Often, patterns of genetic substructure suggest that geographic barriers to gene flow play a key role. For example, using nearly 200 000 common SNPs, Novembre et al. (9) recreated a ‘geographic map' of Europe by projecting the first two principal axes of genetic variation onto geographic coordinates (10–12). This gradient of variation across Europe indicates how population structure need not have sharp boundaries; if individuals in a uniform extended territory tend to choose mates from neighboring groups, the genetic composition of the population will vary continuously with geography. This phenomenon can clearly extend to variation within countries, and genetic evidence exists for fine-scale substructure within Finland (16), Japan (17), Mexico (18), Qatar (19) and South Africa (20). However, not all regions appear to have clearly differentiated populations; western Africa is striking for having very little fine-scale structure, at least at the level of resolution captured by common SNP data (21,22), even though these data included populations of Bantu and Non-Bantu Niger-Kordofanian, Afro-Asiatic and Nilo-Saharan speakers spread out over broad geographic regions. This suggests extensive gene flow in the region, a large effective population size and, by consequence, high levels of genomic diversity.

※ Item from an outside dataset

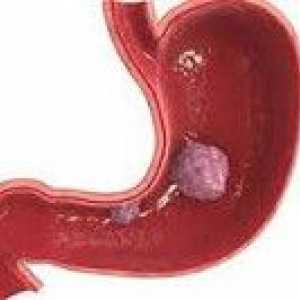 Gastrointestinalni stromalni tumori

Broad patterns of population structure among humans are largely the result of ancient demographic events. According to the standard model for human evolution (23,24), ∼50 000–60 000 years ago, a small group of eastern Africans, perhaps as few as 1000 individuals, drifted out of Africa and into similar terrain in the Near East. In individuals living outside of Africa, this 50 000-year-old bottleneck during the Out of Africa exit remains the most visible demographic imprint reflected in their genomes, contributing substantially to reduced heterozygosity in non-Africans. After this bottleneck, the population rapidly diverged; one population traced the coast of the Indian Ocean, reaching Australia in only a few thousand years (25). Another, separate population expanded more slowly from the Near East northward into the European continent (24). Serial founder migrations, where populations sequentially grow and bud off to find the next population, continued until the majority of the Eurasian and Oceanic landmasses were populated by 30 000 years ago; the North and South American continents were populated by a similar process beginning about 15 000 years ago. Clustering algorithms and principal component analysis of autosomal markers clearly reconstruct these continental boundaries among human populations (Fig. 1). Subsequent migrations associated with multiple inventions of agriculture have served to homogenize genetic variation within continents and, to a lesser extent, between major geographic regions when, for example, Neolithic agriculturalists expanded from the Near East into Europe about 8000 years ago. The genetic proportion of European ancestry that traces back to these recent Neolithic farmers remains under considerable debate (1). In contrast, fine-scale population structure probably stems from demographic processes that have occurred mostly in the past few thousand years, reflecting recent endogamous mating within populations that either have a similar language or culture, or live in a geographically circumscribed location such as an island.

Figure 1.

Population structure of worldwide human populations. Individual ancestry proportions are shown for 1112 individuals from 42 different populations globally distributed (from left to right: 114 Africans, 100 African-Americans, 255 Europeans, 108 South Asians, 100 East Asians, 36 Oceanians, 186 Native Americans and 212 Hispanic/Latinos). Each individual is represented by a vertical line on each barplot and sorted in the same order across panels. A clustering algorithm (implemented in ADMIXTURE) was used to infer global genome estimates from K = 5 up to K = 9 ancestral populations per individual. At K = 5 clusters roughly correspond to continental regions and at K = 9 fine-scale subcontinental structure can be detected (note the South–North gradient in Europeans and the light blue component decreasing from North to South in Native Americans). Admixed populations such as African-Americans and Hispanic/Latinos show dramatic variation in admixture proportions between individuals within populations and among populations. The plot was generated using 73 901 autosomal SNP markers by intersecting genome-wide genotype data from four publicly available data sets [i.e. HGDP (7), POPRES (26), data from Mao et al. (55) and data from Bryc et al. (21)].

Figure 1.

Population structure of worldwide human populations. Individual ancestry proportions are shown for 1112 individuals from 42 different populations globally distributed (from left to right: 114 Africans, 100 African-Americans, 255 Europeans, 108 South Asians, 100 East Asians, 36 Oceanians, 186 Native Americans and 212 Hispanic/Latinos). Each individual is represented by a vertical line on each barplot and sorted in the same order across panels. A clustering algorithm (implemented in ADMIXTURE) was used to infer global genome estimates from K = 5 up to K = 9 ancestral populations per individual. At K = 5 clusters roughly correspond to continental regions and at K = 9 fine-scale subcontinental structure can be detected (note the South–North gradient in Europeans and the light blue component decreasing from North to South in Native Americans). Admixed populations such as African-Americans and Hispanic/Latinos show dramatic variation in admixture proportions between individuals within populations and among populations. The plot was generated using 73 901 autosomal SNP markers by intersecting genome-wide genotype data from four publicly available data sets [i.e. HGDP (7), POPRES (26), data from Mao et al. (55) and data from Bryc et al. (21)].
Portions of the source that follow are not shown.